Bir Çerkes büyüğü böyle demişti 4 sene önce, Çerkesleri temsilen çıktığı bir televizyon programında: "Çerkes yok!"
Tepki gösterdik ve bu söylemin: "Çerkes"i bir etnik-ulusal kimlik olarak yok etmek, Çerkes halkını alt etnik kimliklere göre bölmek, bu alt kimlikleri siyasallaştırmak-kurumsallaştırmak ve hayatın akışı içerisinde asimile etmek isteyen SSCB'nin 100 yıl önce uygulamaya koyduğu ve Rusya Federasyonu'nun devam ettirdiği bir politika olduğunu söyledik.
Çerkes ( Adığe ) halkı bütün dünyada "Çerkes" kimliği ile bilinir, tarihimiz Çerkes kimliği altında yazılmıştır, bütün siyasi-hukuki haklarımızı ve tarihi vatanımız Çerkesya'da birliğimizi ancak Çerkes kimliği ile talep edebiliriz; bu kimliği yok ederseniz, Çerkes halkının hem geçmişini hem de geleceğini yok edersiniz, dedik.
Başarabilirler mi?
Başarmazlar; asla başaramayacaklar!
İşte Rusya Federasyonu'ndaki nüfus sayımı: 10 yıl önce bir avuçtuk, bugün binlerce olduk.

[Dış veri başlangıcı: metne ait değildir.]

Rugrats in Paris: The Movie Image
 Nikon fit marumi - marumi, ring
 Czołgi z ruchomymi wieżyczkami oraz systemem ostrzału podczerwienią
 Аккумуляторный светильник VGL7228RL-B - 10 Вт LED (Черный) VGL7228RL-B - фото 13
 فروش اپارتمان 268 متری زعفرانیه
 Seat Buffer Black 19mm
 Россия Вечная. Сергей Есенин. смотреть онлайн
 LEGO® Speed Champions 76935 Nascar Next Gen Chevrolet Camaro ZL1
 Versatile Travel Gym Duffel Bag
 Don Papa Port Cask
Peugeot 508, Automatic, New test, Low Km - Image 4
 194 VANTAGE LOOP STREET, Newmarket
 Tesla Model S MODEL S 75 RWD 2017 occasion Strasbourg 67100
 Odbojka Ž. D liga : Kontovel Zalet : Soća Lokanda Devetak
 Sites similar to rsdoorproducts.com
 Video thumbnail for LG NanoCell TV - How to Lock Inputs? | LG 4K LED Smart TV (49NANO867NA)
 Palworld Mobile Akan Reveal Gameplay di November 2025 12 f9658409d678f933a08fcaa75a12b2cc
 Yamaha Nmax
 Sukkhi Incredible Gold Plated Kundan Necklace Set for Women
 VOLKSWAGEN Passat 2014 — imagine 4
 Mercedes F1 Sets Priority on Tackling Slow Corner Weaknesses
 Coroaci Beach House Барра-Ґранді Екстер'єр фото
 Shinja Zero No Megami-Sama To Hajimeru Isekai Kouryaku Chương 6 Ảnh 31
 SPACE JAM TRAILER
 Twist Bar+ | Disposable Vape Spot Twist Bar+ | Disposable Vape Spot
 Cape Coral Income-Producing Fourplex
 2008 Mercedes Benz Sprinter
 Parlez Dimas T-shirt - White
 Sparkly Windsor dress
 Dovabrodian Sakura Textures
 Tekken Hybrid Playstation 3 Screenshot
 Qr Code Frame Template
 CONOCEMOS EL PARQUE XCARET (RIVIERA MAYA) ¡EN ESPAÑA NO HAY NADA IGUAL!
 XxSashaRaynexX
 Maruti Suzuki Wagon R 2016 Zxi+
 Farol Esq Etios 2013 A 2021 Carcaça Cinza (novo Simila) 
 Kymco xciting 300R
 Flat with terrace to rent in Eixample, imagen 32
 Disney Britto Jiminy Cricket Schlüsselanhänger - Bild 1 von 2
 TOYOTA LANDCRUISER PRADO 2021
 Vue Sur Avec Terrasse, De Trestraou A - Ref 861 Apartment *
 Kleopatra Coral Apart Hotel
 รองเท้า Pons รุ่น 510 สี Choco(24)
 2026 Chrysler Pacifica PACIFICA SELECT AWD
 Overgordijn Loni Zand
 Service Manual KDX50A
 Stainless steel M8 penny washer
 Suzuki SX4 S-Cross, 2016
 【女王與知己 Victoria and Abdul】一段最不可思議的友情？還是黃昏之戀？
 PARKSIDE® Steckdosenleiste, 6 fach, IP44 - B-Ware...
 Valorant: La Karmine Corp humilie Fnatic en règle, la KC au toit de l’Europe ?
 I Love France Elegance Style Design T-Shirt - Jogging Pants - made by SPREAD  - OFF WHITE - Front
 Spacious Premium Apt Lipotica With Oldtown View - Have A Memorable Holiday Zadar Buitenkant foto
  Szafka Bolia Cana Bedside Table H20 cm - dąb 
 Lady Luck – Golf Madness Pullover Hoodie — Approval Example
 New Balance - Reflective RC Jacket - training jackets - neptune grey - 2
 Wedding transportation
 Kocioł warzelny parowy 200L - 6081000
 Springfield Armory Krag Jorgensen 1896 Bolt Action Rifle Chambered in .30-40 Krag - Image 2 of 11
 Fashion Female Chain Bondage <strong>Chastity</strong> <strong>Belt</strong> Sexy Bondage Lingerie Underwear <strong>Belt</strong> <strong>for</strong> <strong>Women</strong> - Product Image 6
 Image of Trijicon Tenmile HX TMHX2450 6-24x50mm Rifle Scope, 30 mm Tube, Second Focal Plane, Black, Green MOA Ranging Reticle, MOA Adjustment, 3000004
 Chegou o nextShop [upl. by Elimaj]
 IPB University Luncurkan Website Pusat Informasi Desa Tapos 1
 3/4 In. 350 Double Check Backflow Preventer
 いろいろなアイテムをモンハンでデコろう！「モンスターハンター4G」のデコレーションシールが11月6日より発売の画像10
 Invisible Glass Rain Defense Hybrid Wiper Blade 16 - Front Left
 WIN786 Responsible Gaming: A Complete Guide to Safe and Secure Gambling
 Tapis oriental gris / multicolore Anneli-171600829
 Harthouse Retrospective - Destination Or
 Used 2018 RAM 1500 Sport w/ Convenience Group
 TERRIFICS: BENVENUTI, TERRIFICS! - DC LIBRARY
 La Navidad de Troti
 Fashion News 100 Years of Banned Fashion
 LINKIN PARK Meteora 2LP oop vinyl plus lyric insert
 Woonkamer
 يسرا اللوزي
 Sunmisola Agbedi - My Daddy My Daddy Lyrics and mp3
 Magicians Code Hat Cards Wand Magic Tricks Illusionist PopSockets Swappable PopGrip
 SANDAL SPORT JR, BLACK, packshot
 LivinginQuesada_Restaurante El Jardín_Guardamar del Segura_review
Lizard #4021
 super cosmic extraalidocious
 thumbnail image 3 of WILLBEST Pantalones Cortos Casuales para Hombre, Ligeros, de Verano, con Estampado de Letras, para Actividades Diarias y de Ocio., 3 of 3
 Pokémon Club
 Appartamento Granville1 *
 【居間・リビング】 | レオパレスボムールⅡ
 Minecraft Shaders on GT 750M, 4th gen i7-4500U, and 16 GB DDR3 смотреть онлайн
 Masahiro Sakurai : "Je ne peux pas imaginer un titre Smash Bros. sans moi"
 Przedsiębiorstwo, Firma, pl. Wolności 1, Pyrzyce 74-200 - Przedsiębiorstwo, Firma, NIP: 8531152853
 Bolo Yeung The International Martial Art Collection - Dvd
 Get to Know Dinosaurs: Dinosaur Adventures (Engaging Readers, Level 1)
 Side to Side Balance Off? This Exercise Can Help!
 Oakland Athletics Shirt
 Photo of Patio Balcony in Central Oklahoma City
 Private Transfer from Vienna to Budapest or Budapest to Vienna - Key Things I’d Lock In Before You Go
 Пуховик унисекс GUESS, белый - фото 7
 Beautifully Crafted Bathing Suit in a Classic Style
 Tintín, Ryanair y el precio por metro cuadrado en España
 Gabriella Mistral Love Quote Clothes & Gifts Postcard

Gelecek nüfus sayımında daha çok olacağız.
Çerkes ( Adığe ) halkı tarihine, geçmiş ve gelecek kimliğine sahip çıktı. Kimse bu süreci geriye çeviremez, tarihin tekerleği geriye dönmez.
Akışına direnenlerin yeri hep tarihin çöplüğü olmuştur. Bugün kurumsal gücü ellerinde tutmaları kimseyi yanıltmasın, bizde de öyle olacak, herkes layık olduğu yeri bulacak.
Biz Çerkesiz ( Adığeyiz ) ve vatana dönüş, "olmazsa olmaz"ımızdır. Geleceğimizi Çerkes kimliği altında ve tarihi vatanımız Çerkesya'da örgütleyeceğiz. Bunu anlatıyoruz ve anlatmaya da devam edeceğiz.
Bizim bu ısrarımızı tabelacılık, ırkçılık vs diye küçümseyip, gözden düşürmeye çalışanlar, kimlik meselesi o kadar önemsizse, o zaman neden böyle canhıraş direndiklerini anlatsınlar.
Bir sorunu çözmek için önce o sorunu doğru tanımlamak gerekir. Sonra samimiyet. Sorun doğru tanımlanmamışsa ve mücadelede samimiyet yoksa bütün teoriler çöptür ve bütün çabalar boşuna.
KAF FED'in son kongresi öncesinde ve sonrasında yazılıp çizilenler, anlatılanlar ve yeni yönetimin programı Çerkes (Adığe) halkına umut vermiyor. Elbette yönetime talip olan arkadaşların kredileri var, bekleyeceğiz, ama sanırım iki yıl daha havanda su döneceğiz.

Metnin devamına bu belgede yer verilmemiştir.